Son épouse est assise sur une natte, les jambes allongées et le regard perdu. Un crucifix pend à son cou. La mère du défunt est à ses côtés et accueille les prières de ses hôtes, les yeux rougis par les pleurs.
Les femmes sont beaucoup trop affectées et ne peuvent parler. Selon son frère, Alexandre Gbédji, personne dans la famille ne réalise encore ce qui s'est passé. "Personne ne s'en revient", confie-t-il à l'AFP. "C'est un cauchemar pour toute la famille".
Le 1er mai, alors qu'il accompagnait Patrick Picque et Laurent Lassimouillas en safari dans le parc national et touristique de la Pendjari, Fiacre Gbédji a été sauvagement tué par des djihadistes, qui se sont ensuite enfuis vers le Burkina Faso voisin, avec les deux touristes français.
Lire aussi : Deux soldats français tués lors de la libération de quatre otages dans le nord du BurkinaLa dépouille du guide a été retrouvée trois jours plus tard, dans un état extrêmement détérioré par les vautours. "Nous avons encore plus mal parce qu'il n'a pas eu le droit à un sépulcre. Fiacre n'a même pas pu être enterré dignement", regrette son frère. "C'est triste".
Il faisait partie de la trentaine de guides accrédités pour conduire les touristes à travers ce parc de 4.700 km2, et était "l'un des meilleurs", précise le directeur de la Pendjari, James Terjanian, très touché lui aussi et ému par cette disparition. "On ne peut rien reprocher à son travail. C'est une perte énorme dans ce pays."

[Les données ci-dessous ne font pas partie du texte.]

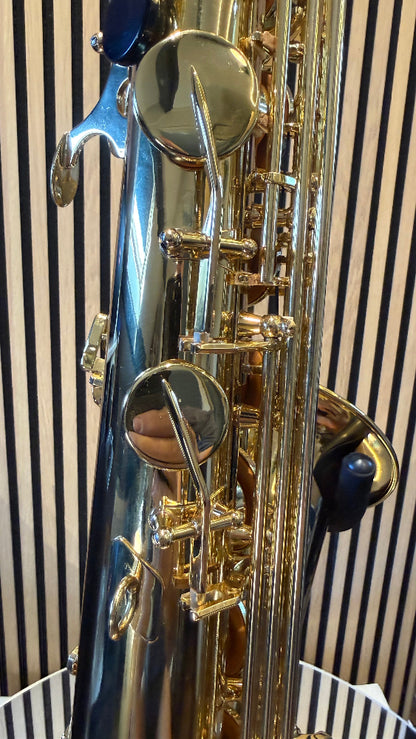 Trevor James The Horn tenor saxophone in gold lacquer – close-up of palm keys and upper body keywork
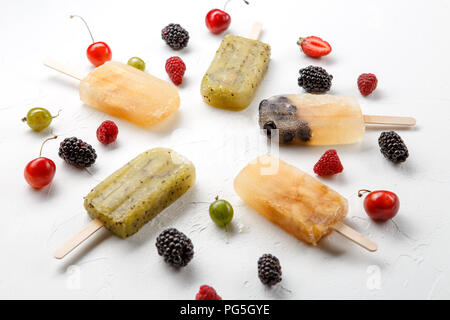 Bild von oben von gefrorenem Obst Eis, Stachelbeere, Black, Cherry Stockfoto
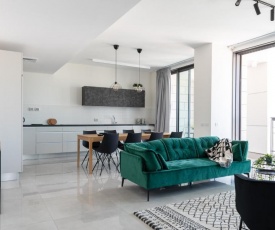 J Tower Residence Boutique - Apartments & Suites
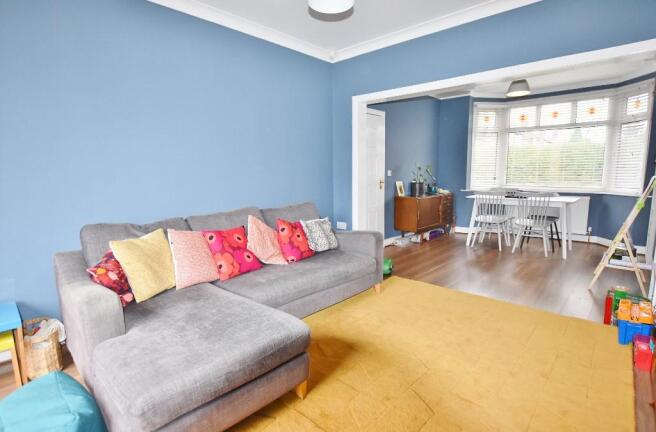 Lounge/dining room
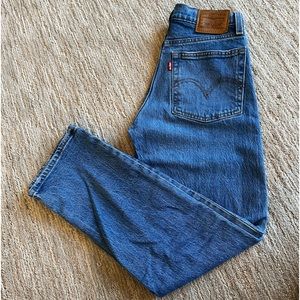 Levi Wedgie Straight Leg Jeans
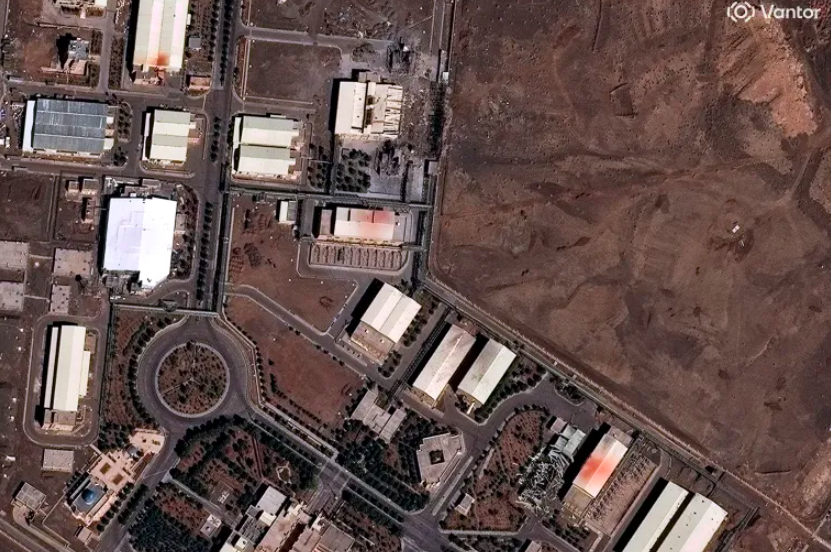 Citra satelit memperlihatkan kompleks fasilitas nuklir Natanz di Iran setelah salah satu bangunan mengalami kerusakan akibat serangan AS dan Israel pada 2 Maret 2026. (Vantor/Aljazeera)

Il avait emmené les deux hommes le long de la rivière Pendjari, asséchée à cette période de l'année, "où il y a des mares et où les animaux viennent s'abreuver", relate l'un de ses collègues.
La rivière partage le Bénin, jusque-là épargné par tout risque terroriste et qui n'a jamais connu le moindre conflit dans son Histoire, et le Burkina Faso, pays lui aussi très fréquenté par les touristes européens, mais gangréné par les groupes djihadistes depuis quelques années.
"Une menace qui ne veut rien dire quand on ne la voit pas", poursuit l'un de ses collègues.
- Passion -
Fiacre Gbédji, d'une trentaine d'année, s'était tourné vers le tourisme dès la fin de ses études secondaires, "par passion", explique l'un de ses amis, qui ne souhaite pas décliner son identité. Il travaillait d'abord comme chauffeur, puis s'est spécialisé comme guide, dans la région de Natitingou et de la Pendjari, à plus de 650 kilomètres de la capitale économique, Cotonou.
"Son premier trait caractéristique c'est le don de soi pour les autres", poursuit son ami, qui le décrit comme quelqu'un de "très humble, très serviable, et très disponible".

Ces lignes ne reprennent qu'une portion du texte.